In Cina molte persone sono condannate a morte dopo aver confessato il crimine sotto tortura. Teng Xingshan è stato ucciso dopo aver confessato l'omicidio di sua moglie, una confessione che poi ha ritrattato sostenendo di essere stato picchiato dai poliziotti. Eppure le autorità hanno dato il via libera alla sua esecuzione e Teng Xingshan è stato ucciso nel 1987. Sedici anni dopo, sua moglie è ricomparsa, viva e in buona salute.
L'Iran è uno dei soli due paesi in cui sono condannati a morte anche i minorenni colpevoli di aver commesso un crimine, in violazione della legge internazionale. Per esempio nel 2004 Atefeh Rajabi, una sedicenne probabilmente malata di mente, è stata impiccata pubblicamente nella provincia iraniana di Neka per aver commesso «atti incompatibili con la castità». Il suo coimputato, un uomo di cui non è stato reso noto il nome, sarebbe stato condannato a 100 frustate. È stato rilasciato dopo l'esecuzione della sentenza.
Proprio per i possibili errori e abusi, la maggior parte dei governi ha deciso di abbandonare la giustizia «occhio per occhio, dente per dente» per abbracciare una linea politica penale più progressista. Nel mondo il ricorso alla pena di morte è sempre più raro: 129 paesi hanno abolito la pena capitale dall'ordinamento giuridico o nella pratica e nel 2005 solo in 23 paesi si sono tenute delle esecuzioni. Il cammino verso un mondo senza pena di morte è inarrestabile.

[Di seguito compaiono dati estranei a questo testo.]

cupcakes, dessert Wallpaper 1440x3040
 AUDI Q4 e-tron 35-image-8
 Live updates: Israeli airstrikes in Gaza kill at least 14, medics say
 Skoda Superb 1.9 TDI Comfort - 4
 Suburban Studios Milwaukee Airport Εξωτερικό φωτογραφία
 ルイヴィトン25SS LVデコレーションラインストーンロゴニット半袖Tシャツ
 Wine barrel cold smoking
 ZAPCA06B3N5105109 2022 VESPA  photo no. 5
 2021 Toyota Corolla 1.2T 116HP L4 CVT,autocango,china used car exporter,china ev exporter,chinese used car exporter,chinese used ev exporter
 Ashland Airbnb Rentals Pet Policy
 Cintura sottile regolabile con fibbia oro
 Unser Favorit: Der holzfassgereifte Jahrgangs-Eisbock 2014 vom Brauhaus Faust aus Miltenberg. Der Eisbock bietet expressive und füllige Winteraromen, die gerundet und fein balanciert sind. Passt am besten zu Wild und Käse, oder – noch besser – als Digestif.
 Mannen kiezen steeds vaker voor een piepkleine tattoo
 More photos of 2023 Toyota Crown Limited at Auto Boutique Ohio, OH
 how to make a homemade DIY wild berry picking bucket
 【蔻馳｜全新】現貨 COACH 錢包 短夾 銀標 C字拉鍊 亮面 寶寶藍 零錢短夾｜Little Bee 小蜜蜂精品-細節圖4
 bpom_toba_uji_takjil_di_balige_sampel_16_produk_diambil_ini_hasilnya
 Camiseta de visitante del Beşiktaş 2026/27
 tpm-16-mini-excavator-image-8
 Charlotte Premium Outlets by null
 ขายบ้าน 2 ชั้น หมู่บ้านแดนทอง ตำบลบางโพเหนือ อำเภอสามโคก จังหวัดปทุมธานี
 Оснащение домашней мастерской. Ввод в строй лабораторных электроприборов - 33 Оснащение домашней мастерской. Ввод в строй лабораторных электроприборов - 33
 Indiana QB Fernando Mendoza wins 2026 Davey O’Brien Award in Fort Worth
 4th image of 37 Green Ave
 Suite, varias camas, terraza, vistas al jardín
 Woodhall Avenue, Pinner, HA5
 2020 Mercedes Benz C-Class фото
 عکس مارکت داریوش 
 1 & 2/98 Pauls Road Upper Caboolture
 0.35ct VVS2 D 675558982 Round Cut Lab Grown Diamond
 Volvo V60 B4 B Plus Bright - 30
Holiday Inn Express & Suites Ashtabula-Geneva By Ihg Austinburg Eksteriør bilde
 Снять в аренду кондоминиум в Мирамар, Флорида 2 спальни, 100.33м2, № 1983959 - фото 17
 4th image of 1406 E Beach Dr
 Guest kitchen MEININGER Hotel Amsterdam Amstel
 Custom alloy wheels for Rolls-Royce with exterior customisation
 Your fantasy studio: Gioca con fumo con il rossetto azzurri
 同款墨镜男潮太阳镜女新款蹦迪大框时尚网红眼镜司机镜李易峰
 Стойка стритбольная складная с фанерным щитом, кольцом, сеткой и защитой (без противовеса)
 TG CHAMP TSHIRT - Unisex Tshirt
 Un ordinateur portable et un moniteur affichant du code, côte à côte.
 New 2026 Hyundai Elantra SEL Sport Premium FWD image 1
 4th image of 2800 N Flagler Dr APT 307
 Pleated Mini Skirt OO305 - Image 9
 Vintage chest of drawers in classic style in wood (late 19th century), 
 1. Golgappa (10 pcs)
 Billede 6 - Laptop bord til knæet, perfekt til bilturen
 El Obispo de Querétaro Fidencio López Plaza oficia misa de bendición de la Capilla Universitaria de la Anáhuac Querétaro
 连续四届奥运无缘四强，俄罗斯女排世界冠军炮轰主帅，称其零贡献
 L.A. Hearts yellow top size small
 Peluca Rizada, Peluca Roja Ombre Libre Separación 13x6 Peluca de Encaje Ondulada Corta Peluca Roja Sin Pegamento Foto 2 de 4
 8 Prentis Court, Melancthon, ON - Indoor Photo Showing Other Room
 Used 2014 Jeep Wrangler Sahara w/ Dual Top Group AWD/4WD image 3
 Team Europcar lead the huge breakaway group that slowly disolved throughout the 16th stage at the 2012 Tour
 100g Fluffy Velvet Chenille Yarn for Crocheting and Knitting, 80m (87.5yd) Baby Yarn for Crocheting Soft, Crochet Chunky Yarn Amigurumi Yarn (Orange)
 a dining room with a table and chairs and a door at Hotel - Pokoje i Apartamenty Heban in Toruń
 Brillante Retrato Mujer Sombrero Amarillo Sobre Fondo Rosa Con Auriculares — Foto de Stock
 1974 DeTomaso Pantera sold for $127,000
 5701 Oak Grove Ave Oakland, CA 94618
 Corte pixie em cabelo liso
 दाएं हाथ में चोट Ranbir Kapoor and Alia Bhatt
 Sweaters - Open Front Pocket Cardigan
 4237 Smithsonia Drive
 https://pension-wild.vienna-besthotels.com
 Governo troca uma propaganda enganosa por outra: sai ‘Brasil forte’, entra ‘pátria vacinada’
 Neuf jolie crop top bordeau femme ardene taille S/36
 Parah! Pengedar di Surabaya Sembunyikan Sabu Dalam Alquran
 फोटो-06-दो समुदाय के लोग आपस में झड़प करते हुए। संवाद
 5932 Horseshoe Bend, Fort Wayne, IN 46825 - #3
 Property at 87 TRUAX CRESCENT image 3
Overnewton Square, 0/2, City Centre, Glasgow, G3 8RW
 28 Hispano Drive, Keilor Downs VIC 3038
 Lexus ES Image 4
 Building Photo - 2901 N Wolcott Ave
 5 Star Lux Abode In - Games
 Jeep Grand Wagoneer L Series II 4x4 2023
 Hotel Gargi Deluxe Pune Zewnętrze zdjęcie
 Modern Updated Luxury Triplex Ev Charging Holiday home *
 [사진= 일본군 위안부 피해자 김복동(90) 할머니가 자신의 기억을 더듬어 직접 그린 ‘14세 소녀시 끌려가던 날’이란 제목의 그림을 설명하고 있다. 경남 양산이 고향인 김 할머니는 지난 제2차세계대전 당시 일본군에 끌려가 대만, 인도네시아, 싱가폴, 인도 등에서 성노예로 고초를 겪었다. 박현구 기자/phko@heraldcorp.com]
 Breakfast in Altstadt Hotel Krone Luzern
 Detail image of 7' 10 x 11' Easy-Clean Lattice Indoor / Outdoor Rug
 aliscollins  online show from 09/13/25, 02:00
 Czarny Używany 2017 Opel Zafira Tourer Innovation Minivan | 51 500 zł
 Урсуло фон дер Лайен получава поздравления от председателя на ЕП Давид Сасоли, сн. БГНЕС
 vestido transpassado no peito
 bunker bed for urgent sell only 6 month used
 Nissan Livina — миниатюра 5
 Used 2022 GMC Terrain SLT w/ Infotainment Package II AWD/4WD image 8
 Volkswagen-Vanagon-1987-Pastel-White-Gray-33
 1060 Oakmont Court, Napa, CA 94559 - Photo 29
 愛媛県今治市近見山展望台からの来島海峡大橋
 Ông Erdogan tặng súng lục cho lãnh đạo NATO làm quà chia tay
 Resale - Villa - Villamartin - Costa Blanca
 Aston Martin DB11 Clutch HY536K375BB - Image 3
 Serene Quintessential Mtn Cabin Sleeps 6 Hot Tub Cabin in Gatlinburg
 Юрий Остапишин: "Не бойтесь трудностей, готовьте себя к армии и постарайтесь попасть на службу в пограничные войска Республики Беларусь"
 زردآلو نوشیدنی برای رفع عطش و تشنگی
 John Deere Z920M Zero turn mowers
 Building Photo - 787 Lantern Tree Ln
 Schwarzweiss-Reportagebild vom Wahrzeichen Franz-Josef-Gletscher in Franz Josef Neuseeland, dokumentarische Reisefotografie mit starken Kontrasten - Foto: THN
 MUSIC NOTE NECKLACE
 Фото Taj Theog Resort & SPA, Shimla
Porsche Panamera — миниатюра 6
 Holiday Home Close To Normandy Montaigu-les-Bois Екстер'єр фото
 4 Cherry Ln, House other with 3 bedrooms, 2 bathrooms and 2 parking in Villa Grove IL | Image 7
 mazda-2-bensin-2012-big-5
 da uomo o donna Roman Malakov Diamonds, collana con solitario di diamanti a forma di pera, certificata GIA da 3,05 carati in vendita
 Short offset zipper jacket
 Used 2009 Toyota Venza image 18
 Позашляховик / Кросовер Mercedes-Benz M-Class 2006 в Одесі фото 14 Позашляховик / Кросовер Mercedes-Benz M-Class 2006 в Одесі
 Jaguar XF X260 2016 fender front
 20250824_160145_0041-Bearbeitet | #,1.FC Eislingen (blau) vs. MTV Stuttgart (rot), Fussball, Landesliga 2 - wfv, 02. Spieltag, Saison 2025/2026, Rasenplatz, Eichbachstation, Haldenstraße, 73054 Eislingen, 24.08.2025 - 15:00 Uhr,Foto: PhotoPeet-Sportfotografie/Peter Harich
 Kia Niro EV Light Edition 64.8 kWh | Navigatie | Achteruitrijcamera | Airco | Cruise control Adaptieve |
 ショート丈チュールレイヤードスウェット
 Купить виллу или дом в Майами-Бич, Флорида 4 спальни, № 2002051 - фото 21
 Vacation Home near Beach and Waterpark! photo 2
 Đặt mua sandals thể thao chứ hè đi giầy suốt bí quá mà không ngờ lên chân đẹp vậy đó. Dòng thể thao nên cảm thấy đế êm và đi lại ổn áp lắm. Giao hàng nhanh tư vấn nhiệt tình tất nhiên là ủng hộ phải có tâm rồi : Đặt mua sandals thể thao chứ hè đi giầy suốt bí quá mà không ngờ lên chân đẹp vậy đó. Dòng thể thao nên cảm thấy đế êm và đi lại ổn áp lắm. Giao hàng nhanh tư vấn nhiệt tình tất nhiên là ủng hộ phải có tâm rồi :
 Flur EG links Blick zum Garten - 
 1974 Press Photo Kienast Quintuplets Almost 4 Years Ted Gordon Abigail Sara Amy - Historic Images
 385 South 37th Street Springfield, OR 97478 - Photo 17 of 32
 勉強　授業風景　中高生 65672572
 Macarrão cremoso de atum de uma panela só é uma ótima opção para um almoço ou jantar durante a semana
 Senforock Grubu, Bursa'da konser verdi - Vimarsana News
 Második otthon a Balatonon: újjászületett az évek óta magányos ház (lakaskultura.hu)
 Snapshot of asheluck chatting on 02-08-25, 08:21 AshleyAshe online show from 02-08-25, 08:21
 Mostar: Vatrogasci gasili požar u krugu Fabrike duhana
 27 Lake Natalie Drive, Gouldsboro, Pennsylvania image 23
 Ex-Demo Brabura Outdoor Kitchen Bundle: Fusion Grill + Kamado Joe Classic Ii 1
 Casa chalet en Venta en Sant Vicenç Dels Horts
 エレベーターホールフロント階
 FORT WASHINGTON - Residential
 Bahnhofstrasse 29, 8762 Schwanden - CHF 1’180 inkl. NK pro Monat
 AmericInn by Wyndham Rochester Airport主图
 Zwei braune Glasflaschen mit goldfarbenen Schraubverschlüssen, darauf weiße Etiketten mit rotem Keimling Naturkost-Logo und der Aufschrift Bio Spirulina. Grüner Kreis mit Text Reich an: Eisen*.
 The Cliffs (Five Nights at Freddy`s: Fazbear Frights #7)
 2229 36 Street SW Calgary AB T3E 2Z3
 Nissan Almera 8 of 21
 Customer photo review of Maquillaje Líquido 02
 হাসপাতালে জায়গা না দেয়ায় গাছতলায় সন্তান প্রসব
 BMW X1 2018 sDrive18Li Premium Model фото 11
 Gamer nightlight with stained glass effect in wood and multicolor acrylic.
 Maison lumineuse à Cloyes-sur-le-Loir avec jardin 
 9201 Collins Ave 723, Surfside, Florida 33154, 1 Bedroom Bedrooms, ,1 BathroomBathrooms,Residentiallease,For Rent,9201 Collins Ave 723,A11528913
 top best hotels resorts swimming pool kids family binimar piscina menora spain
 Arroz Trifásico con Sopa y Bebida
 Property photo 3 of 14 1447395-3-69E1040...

Uccidere a sangue freddo un prigioniero indifeso è un atto ingiustificabile. L'individuo incriminato non è più una minaccia per la società perché è in carcere eppure le autorità scelgono quando, dove e come dovrà morire.
Il mondo sta imparando che la pena di morte è un atto barbaro che destabilizza tutte le società che vi fanno ricorso. Come misura di controllo del crimine è inefficace. Al contrario, molti dei paesi in cui è in vigore la pena di morte il tasso di violenza è più alto di quello di altri paesi in cui non si svolgono esecuzioni.
Tanti politici hanno dato prova di rispettare i diritti umani abolendo la pena capitale. Purtroppo a molti di più manca questo coraggio e si sente ancora dire troppo spesso che «non siamo pronti ad abbandonare la pena capitale».
L'episodio della ragazza iraniana è raggelante... :(
Praticamente tutti gli episodi relativi all'esecuzione della pena di morte hanno connotazioni agghiaccianti.
Purtroppo, in tempi come quelli odierni, che ci hanno abituato al sensazionalismo, pare che solo i casi limite riescano ad inteccare il muro di indefferenza che cinge moltissime coscienze.
E non dimentichiamo gli esagitati che invocano la pena capitale anche laddove non esiste.
Se c'è una critica verso gli USA con la quale concordo perfettamente, è quella riguardo alla pena di morte. Il fatto di essere l'unica nazione civile ed avanzata ad avere la pena di morte dovrebbe far vergognare e profondamente riflettere ogni cittadino americano.
Che c'è l'abbiano Cina, Iran, Arabia Saudita, non stupisce più di tanto, ma il fatto che sia ancora presente negli USA è intollerabile.
Fortuna che almeno 12 stati su 50 l'hanno abolita ; piano piano forse si arriverà ad annullarla completamente.
Per gli altri paesi invece, la vedo molto dura, per la Cina in particolare.